We have laid out the modernization narrative in some detail because it still plays the important role of a discredited approach lurking in the background. It also remains prominent partly because an alternative with all the reach of the old narrative has not yet emerged. In this sense, the contemporary literature remains unsettled and inchoate, with many accounts vying for the role of successor to modernization theory. We review some of these competing accounts below.

Rent and Income Inequality

The most prominent alternative to modernization theory, an account featuring “rent” and other forms of competition-restricting regulation, has as its back-drop the spectacular takeoff in income inequality in the United States. As Saez (Ch. 6) discusses, income inequality increased dramatically in the US in the late 1970s, with it now reaching levels as high as those prevailing in the 1920s.

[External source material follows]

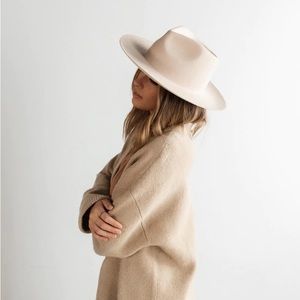 GIGI PIP Zephyr Rancher Cream XS 55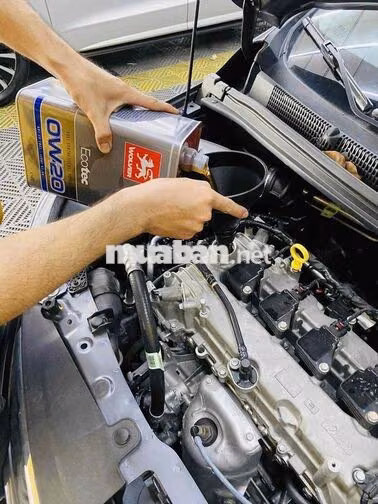 NHÂN VIÊN TƯ VẤN DỊCH VỤ CHĂM SÓC XE Ô TÔ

There are, of course, many prominent accounts that understand this development as simply the expected playing-out of competitive market forces when confronted with the “exogenous shock” of computers and other technological innovations that raised the demand for skilled labor (see Goldin and Katz, Ch. 8). The theory of skill-biased technical change, for example, implies that the demand for skilled workers is rapidly increasing because of these innovations, that the existing supply of skilled workers cannot meet this rising demand, and that the resulting disequilibrium bids up the price for skilled labor and leads to an increase in inequality. Although the higher productivity of skilled workers will lock in some of this inequality, we should eventually see a reversal or slowdown in the trend because the high wages going to skilled workers should induce more workers to invest in skill (by going to college), which in turn increases the competition for skilled jobs and ultimately drives down the pay going to those jobs. The competitive market should, by this logic, correct some of the problem.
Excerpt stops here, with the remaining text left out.